← Back to team overview

yahoo-eng-team team mailing list archive

[Bug 1689952] [NEW] conntrack race can blackhole flows to Floating IP

 

Public bug reported:

We have some users who want to receive continuous unidirectional flows
of UDP-over-IPv4 datagram on their instances (sent by some sort of
sensors) via Floating IP.  After we migrate or restart the Neutron
routers serving those instances, the users complain that their instances
stop receiving those packets.

After debugging this for a long time, we have observed that there are
incorrect conntrack entries for those flows in the router's namespace.
Apparently these conntrack entries don't NAT the Floating IP to the
instance's Fixed IP.  When we delete the conntrack entries, they are
quickly replaced with the correct entries, and the instance starts
receiving traffic again.

  $ sudo ip netns exec qrouter-fe77a8ff-769b-4469-8490-1d37873a5671 conntrack -L -d 192.0.2.67
  ...
  udp      17 29 src=192.0.2.7 dst=192.0.2.67 sport=58254 dport=12345 [UNREPLIED] src=192.0.2.67 dst=192.0.2.7 sport=12345 dport=58254 mark=0 use=1
  ...

Note that the original "src" is identical to the response "dst".

After deleting the entries (sudo ip netns exec ... conntrack -D -d
192.0.2.67), the (new) entries look like this:

  $ sudo ip netns exec qrouter-fe77a8ff-769b-4469-8490-1d37873a5671 conntrack -L conntrack -d 192.0.2.67
  ...
  udp      17 29 src=192.0.2.7 dst=192.0.2.67 sport=58254 dport=12345 [UNREPLIED] src=10.0.0.107 dst=192.0.2.7 sport=12345 dport=58254 mark=0 use=1
   ...

These entries are much better, because the response "dst" is now the
Fixed IP of the instance (10.0.0.107).

We assume that there is a race condition: When packets for a given
Floating IP arrive at the router namespace before the NAT rules(?) for
that Floating IP have been completely set up, conntrack creates these
incorrect entries.  This is likely if these packets arrive at a high
rate (we have hundreds of those packets per second).  And the incorrect
entries will never time out if the traffic flows continuously.

We have observed this frequently over the years, including recently
after we upgraded our network nodes to Newton.

** Affects: neutron
     Importance: Undecided
         Status: New


** Tags: conntrack floating ipv4

-- 
You received this bug notification because you are a member of Yahoo!
Engineering Team, which is subscribed to neutron.
https://bugs.launchpad.net/bugs/1689952

Title:
  conntrack race can blackhole flows to Floating IP

Status in neutron:
  New

Bug description:
  We have some users who want to receive continuous unidirectional flows
  of UDP-over-IPv4 datagram on their instances (sent by some sort of
  sensors) via Floating IP.  After we migrate or restart the Neutron
  routers serving those instances, the users complain that their
  instances stop receiving those packets.

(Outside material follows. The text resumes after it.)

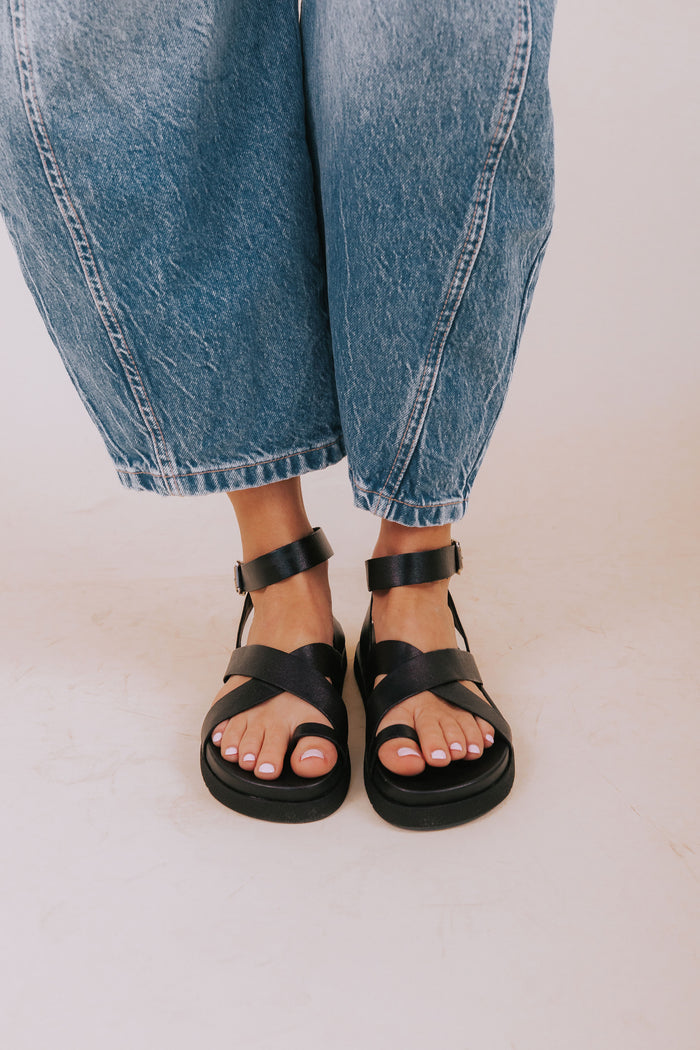 STEVE MADDEN - Mira Black Leather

  After debugging this for a long time, we have observed that there are
  incorrect conntrack entries for those flows in the router's namespace.
  Apparently these conntrack entries don't NAT the Floating IP to the
  instance's Fixed IP.  When we delete the conntrack entries, they are
  quickly replaced with the correct entries, and the instance starts
  receiving traffic again.

    $ sudo ip netns exec qrouter-fe77a8ff-769b-4469-8490-1d37873a5671 conntrack -L -d 192.0.2.67
    ...
    udp      17 29 src=192.0.2.7 dst=192.0.2.67 sport=58254 dport=12345 [UNREPLIED] src=192.0.2.67 dst=192.0.2.7 sport=12345 dport=58254 mark=0 use=1
    ...

  Note that the original "src" is identical to the response "dst".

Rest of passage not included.